Problem to solve – Repeat the listing beneath this line exactly, keeping every character.

Data extract –
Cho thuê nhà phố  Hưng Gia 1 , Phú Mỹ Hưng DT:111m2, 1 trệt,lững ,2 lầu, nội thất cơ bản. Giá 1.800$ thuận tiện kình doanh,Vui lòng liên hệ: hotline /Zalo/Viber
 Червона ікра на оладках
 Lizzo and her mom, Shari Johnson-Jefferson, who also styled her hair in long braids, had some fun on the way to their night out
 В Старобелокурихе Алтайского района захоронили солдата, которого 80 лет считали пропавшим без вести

Answer to this exercise –
Cho thuê nhà phố  Hưng Gia 1 , Phú Mỹ Hưng DT:111m2, 1 trệt,lững ,2 lầu, nội thất cơ bản. Giá 1.800$ thuận tiện kình doanh,Vui lòng liên hệ: hotline /Zalo/Viber
 Червона ікра на оладках
 Lizzo and her mom, Shari Johnson-Jefferson, who also styled her hair in long braids, had some fun on the way to their night out
 В Старобелокурихе Алтайского района захоронили солдата, которого 80 лет считали пропавшим без вести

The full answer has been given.